I am also having the same issue as Emily with the Unique Visitors count.
For instance, my April 2013 numbers for Unique Visitors are as follows: Tableau = 12,098,633 vs. Google Analytics = 5,662,554, which is not a small difference.
Other measures such as Visits and Pageviews are identical.
I am also having this problem, Tableau is giving me the same number for Visits as it is for Unique Visitors for the month of May 2,746 while in GA it says that my Unique Visitors are 1,195. Any insight into this would be greatly appreciated. I would assume that Tableau should just grab the numbers directly from GA.
Emily: I've been working w/ G.A. data too and finding some similar funkiness. In short, I think it's mostly a limitation of Google Analytics b/c it provides aggregated data in different buckets that don't sum up to the whole.
First, Tableau will tell you if it pulled sampled data. You'll see a little grey box that gets in the way of your data in the lower right corner. If you're not seeing that warning you're not seeing sampled data.
Next, GA samples data when you reach a certain number of rows of data.

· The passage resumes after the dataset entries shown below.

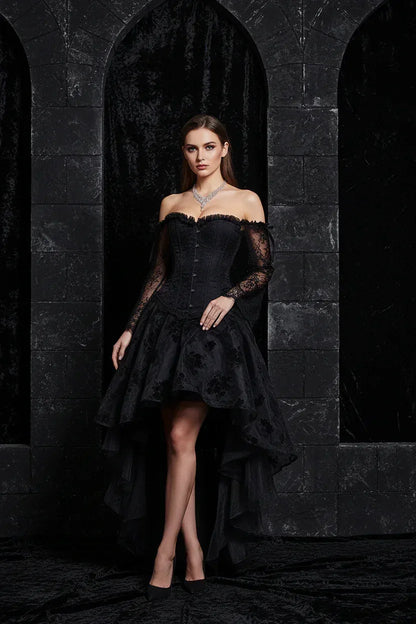 Lace Corset Dress - Sorceress Sanctuary Black / L-Red / L-Red / M-Red / XL-Red / 2XL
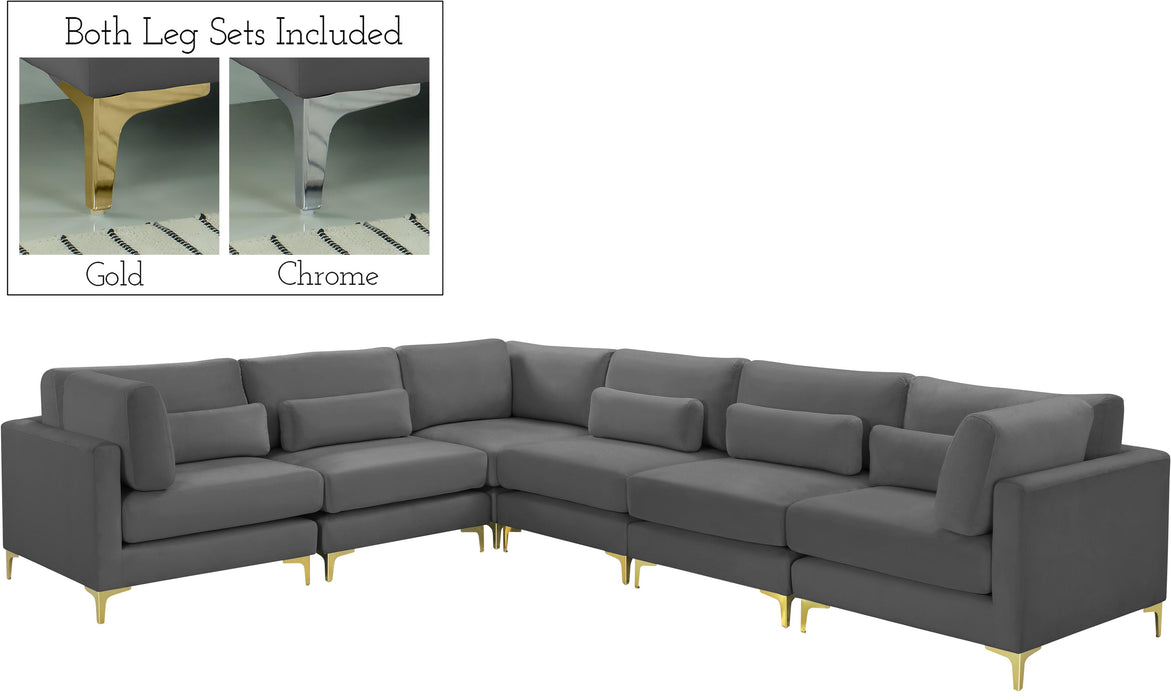 Julia Grey Velvet Modular Sectional (6 Boxes) - Furniture Stars (Chicago, IL)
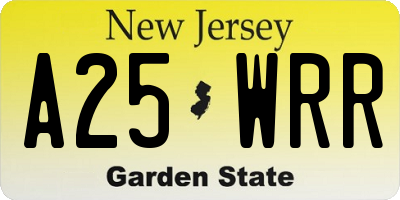 NJ license plate A25WRR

I've figured out that visits (aka sessions), pageviews, and some other measures don't seem to get sampled even if I go back to 3 years worth of daily data. However if I add unique visitors or some other dimensions the same data is returned sampled.
What I think is happening is that UnqVisitors are an aggregated measure in G.A. and that the aggregation returned via the tableau connector is a diff't aggregation than what GA shows. The UV count in G.A. depends on whether you're looking at daily UV's, weekly UV's, monthly U.V.'s or yearly UV.'s. I believe the Tableau connector only gives us daily U.V.'s, which means compared to how G.A. reports data Tableau will double and triple count people when we show weekly, monthly, quarterly and yearly aggregations.
And GA apparently stores the data in a cube and then the filters and other things we do in the interface are used to eliminate double counting in the data returned in the GA interface.
Say whaaaa? Ok Unq Visitors are an aggregated measure b/c if the same browser visits a site on Monday at 9a until 9:10a and returns on the same day at 3p until 3:05p, that counts as 2 visits and 1 unique visitors. Repeat that on Wed of the same week, and then on the next 3 wks of the month.
G.A. counts this as follows:
16 visits (2 visits per day. on 2 days. on each of 4 weeks. 2x2x4=16)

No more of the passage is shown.